# Rider down in Roehampton, looking like another death 15.11.13



## gaz (15 Nov 2013)

Reports on twitter about another rider down with a collision with a HGV.
http://news.radiojackie.com/2013/11...ews&utm_source=twitterfeed&utm_medium=twitter


----------



## hopless500 (15 Nov 2013)

Oh lord, not another...... this is escalating.
So sad.


----------



## gaz (15 Nov 2013)

6 in 10 days in London. 7 in 10 days in the UK


----------



## Sittingduck (15 Nov 2013)

FFS


----------



## Roadrider48 (15 Nov 2013)

gaz said:


> 6 in 10 days in London. 7 in 10 days in the UK


That's too many, far too many. I feel for those poor cyclists families.


----------



## Whiskey88 (15 Nov 2013)

Some of us are trying to find a secondary source as we speak. One person on twitter is saying it happened on Danebury Avenue, outside some shops, but that's all anyone is coming up with so far...


----------



## deptfordmarmoset (15 Nov 2013)

Whiskey88 said:


> Some of us are trying to find a secondary source as we speak. One person on twitter is saying it happened on Danebury Avenue, outside some shops, but that's all anyone is coming up with so far...

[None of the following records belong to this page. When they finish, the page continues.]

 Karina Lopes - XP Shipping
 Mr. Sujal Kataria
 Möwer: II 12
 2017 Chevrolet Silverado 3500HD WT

I haven't found one. So far. Not much I can say any more, other than condolences to the family and I hope she died quickly.

EDIT: the original source has changed the article. Not a cyclist, not that it changes the loss or


> the pain:
> A woman has died after allegedly being hit by a lorry in Roehampton.
> 
> The incident happened at 4 o'clock this afternoon, and the victim was pronounced dead at the scene.
> ...


----------



## ManiaMuse (15 Nov 2013)

Doesn't seem to be much info on this.

Someone on LFGSS says it may have been a pedestrian rather than a cyclist. http://www.lfgss.com/thread117458.html

Another poster was apparently given the same version of events by 5 different people that the victim one of 3 people sat on the back of a scaffolding lorry who fell out going over a speedbump and hit the ground at speed (could explain arrest for dangerous driving /speculation)


----------



## User33236 (15 Nov 2013)

It has now appeared on ITV web site 

http://www.itv.com/news/london/update/2013-11-15/woman-killed-in-collision-with-a-lorry/

Doesn't add much to the story. A sad loss either way :-(


----------



## MattyKo (15 Nov 2013)

Just viewed the Newsnights' coverage concerning the spike in number of cyclists fatalities in London. Chris Ames (probably an incorrect recollection of the cycle campaigners name), asked us to draw comparisons with Paris - *"*which has seen no fatalities of cyclist within the city*"*. *"*The majority of fatalities are due to cyclists -v- HGV*"* Paris restricts HGVs' access to the city to outside peak times. Therefore cyclists are not competing for the limited road space with HGV during their journeys to work. A suggestion he said the mayor would be able to initiate immediately.


----------



## gaz (16 Nov 2013)

MattyKo said:


> Just viewed the Newsnights' coverage concerning the spike in number of cyclists fatalities in London. Chris Ames (probably an incorrect recollection of the cycle campaigners name), asked us to draw comparisons with Paris - *"*which has seen no fatalities of cyclist within the city*"*. *"*The majority of fatalities are due to cyclists -v- HGV*"* Paris restricts HGVs' access to the city to outside peak times. Therefore cyclists are not competing for the limited road space with HGV during their journeys to work. A suggestion he said the mayor would be able to initiate immediately.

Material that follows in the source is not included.